Now Reading
India fights HIV with Valentine’s Day march at gay cruising spot

India fights HIV with Valentine’s Day march at gay cruising spot

India fights HIV with Valentine's Day march | Emma Goswell

‘Many people have asked me,’ India’s only gay prince says, ‘are the government not themselves criminals?’

This is Prince Manvendra Singh, the country’s only out and open royal who is working to help the LGBTI community.

‘The government is supporting you financially, knowing you spend their money solely on men who have sex with men,’ the prince adds.

‘I feel the government doesn’t have any sympathy with us. They are only concerned with getting HIV rates down – and the only way they can do that is to involve the community.’

India must fight HIV (even if it means supporting LGBTI people)

Having set up the Lakshya Trust, the prince and numerous volunteers are working to give out thousands of condoms and help provide support to people who are HIV positive.

Around two million Indians are HIV positive.

Today, on Valentine’s Day, dozens of people marched through the city of Vadodara in Gujarat state for a HIV awareness march.

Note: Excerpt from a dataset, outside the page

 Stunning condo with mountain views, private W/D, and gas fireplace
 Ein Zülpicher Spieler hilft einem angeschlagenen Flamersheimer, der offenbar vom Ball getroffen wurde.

Carrying banners promoting safe sex to gay and bi men, they gave out condoms.

A reminder: in India gay sex is still illegal.

Valentine’s Day march

The Valentine’s Day march included around 60 people, many of which concealed their faces so as not to be identified.

Today’s march went from Sayaji Baug park to the public toilets at the main bus station – which is the main cruising site in the city.

Two men are arrested here every week for engaging in gay sex.

Men will travel from rural areas as well as all over the city to hook up and have sex around this spot.

It’s also frequented by sex workers and thieves – but I’m told that gay men who are victims of any sort of crime at a cruising spot will never report it to the police for fear of being discovered to be homosexual.

Living in secret

I spoke to Munba – a 29-year-old gay man living in Vadodara with HIV. He’s not just hidden his HIV status to his family for a decade – he’s hidden the fact he’s gay too.

Almost half of the gay men I’ve met this week in India are married to women and have children. Munba is no exception.

But he’s leading two double lives – a double life as a gay or bisexual man and a double life of someone who is HIV positive.

His wife still does not understand why he insists on using condoms.

Gay man married to wife in India: ‘I did consider suicide.’

‘When I found out I was HIV positive I did consider suicide,’ he said.

‘I felt like it was the end of my life and there was no hope. I feel terribly guilty about it. And I feel incredibly guilty for not telling my wife.’

He’s in good health. However, the government is slow to provide financial support and the money can be three months late.

HIV positive people get free travel to hospital appointments, 500 rupees a month ($8, 6) to spend on food and a discount on all public transport.

Terrified to come out as HIV positive

Many people are still afraid to come out as HIV positive – for good reason.

I was told of one case where (despite it being illegal) a man was fired from his job as his colleagues looked in his bag and found his HIV drugs and reported him to management.

HIV positive children are banned from sitting with or playing with other children at school.

A decade on from Munba’s positive test result he’s now considering coming out about his status.

He told me: ‘The time has come for me to talk to my wife and to my family. I do feel like society is changing and I’ll be able to have that conversation soon. I’d like to be a role model now for others.